Bere dell’acqua di Su Paradisu (fonte nei pressi dell’abitato di Villanova) “faghe s’òmine poeta”, e la poesia dedicata alla madre (Ispiju limpiu) è un modo per ribadire l’abbondanza di vena poetica nel suo paese natio.
Remunudu Piras
Il 21 maggio del 1978, a casa sua a Villanova Monteleone, muore il poeta Raimondo Piras, considerato da tutti il poeta, l’improvvisatore più grande e più importante della Sardegna.
Nato a Villanova Monteleone il 29 ottobre 1905, Remundu Piras, per tutti Tziu Remundu, debuttò sui palchi delle gare a Montresta per la sagra di San Cristoforo il 28 aprile del 1924, a 19 anni neppure compiuti, contro uno dei più grandi cantori di allora: Antoniandria Cucca di Ossi.

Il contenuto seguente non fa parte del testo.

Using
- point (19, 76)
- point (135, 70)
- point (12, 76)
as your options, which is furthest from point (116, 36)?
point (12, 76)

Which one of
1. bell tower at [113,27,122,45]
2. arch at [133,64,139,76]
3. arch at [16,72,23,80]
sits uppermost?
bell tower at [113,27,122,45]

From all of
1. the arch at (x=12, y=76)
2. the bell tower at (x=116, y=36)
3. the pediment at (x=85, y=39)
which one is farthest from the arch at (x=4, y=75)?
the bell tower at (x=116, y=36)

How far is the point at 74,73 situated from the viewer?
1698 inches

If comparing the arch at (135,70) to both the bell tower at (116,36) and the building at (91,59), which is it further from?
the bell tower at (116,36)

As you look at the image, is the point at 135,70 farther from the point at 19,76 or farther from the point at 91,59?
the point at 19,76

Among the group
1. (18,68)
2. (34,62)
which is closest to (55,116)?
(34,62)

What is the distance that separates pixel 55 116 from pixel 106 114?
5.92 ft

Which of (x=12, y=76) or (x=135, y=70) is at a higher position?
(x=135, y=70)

Da quel giorno il poeta villanovese iniziò una carriera luminosa sui palchi di tutta la Sardegna con gli estemporanei più illustri del 1800: oltre a Cucca, furono suoi colleghi-rivali: Antonio Cubeddu di Ozieri, Antonio Farina di Osilo, Pitanu Moretti di Tresnuraghes, Barore Testoni di Bonorva.
Ma la svolta per la crescita professionale di Remundu Piras, e più in generale della sua carriera, fu l’incontro con Barore Tucconi di Buddusò, di vent’anni più anziano di lui, emigrato in Francia e costretto a rientrare in patria per partecipare alla grande guerra. All’arrivo di Piras il pubblico individuò subito in lui e in Tucconi la coppia regina: così i due estemporanei diedero vita a dispute serrate e spesso aspre che raggiunsero il culmine nel 1928 per una gara a premio a Buddusò: la giuria diede la vittoria a Remundu Piras, Barore Tucconi se ne risentì molto e per alcuni anni i due poeti non si rivolsero più la parola, ma sui palchi delle sagre continuarono a dialogare in versi.
Con il divieto delle gare decretato nel 1932 dall’autorità di polizia su denuncia delle gerarchie ecclesiastiche, anche il poeta di Villanova, come tutti i poeti, fu costretto a tacere. Ma, mentre gli altri ripresero nel 1937, rispettando il doppio divieto dei temi politici e religiosi, Remundu Piras preferì stare lontano dai compromessi e calcò i palchi soltanto nel 1945.
Alla ripresa si rinnovarono i suoi duelli con Tucconi fino alla morte, nel 1969, del poeta di Buddusò. Piras cantò molto anche con Antonio Piredda di Thiesi, Peppe Sotgiu di Bonorva, Giovanni Seu di Chiaramonti e Mario Masala di Silanus.
Nella storia delle gare poetiche la figura di Remundu Piras ha un rilievo primario di valore assoluto: il pubblico lo amò sempre sia per la brillantezza delle sue creazioni, la strenua difesa dei temi che la profondità del sentimento che lo animava, nonostante l’impedimento della raucedine che lo afflisse negli ultimi anni.
Remundu Piras è stato anche un ottimo poeta di meditazione e di scrittura, come dimostrano le sue raccolte postume, tra le più conosciute: Mistèriu (1979), Bonas noas (1981), A bolu (1983), Sas modas (1985), tutte curate da Paolo Pillonca, che hanno avuto un’ampia diffusione in tutta l’isola. Nel 1977, pochi mesi prima di morire, scrive il sonetto “No’ sias isciau”, che divenne il manifesto di tutela della lingua sarda.
Nel 2008, in occasione dei trent’anni dalla morte del poeta, la Regione Autonoma della Sardegna ha usato alcuni versi del sonetto per celebrare “Sa die de sa Sardigna”. Ancora oggi Remundu Piras è un riferimento necessario, che non può mancare, per gli appassionati della poesia e della lingua sarda. Il suo nome vien ricordato in convegni, pubblicazioni, premi letterari e anche con l’intitolazione di vie e piazze in diversi paesi della Sardegna. Remundu Piras è un poeta che ha onorato il suo paese, Villanova Monteleone, e tutta la Sardegna.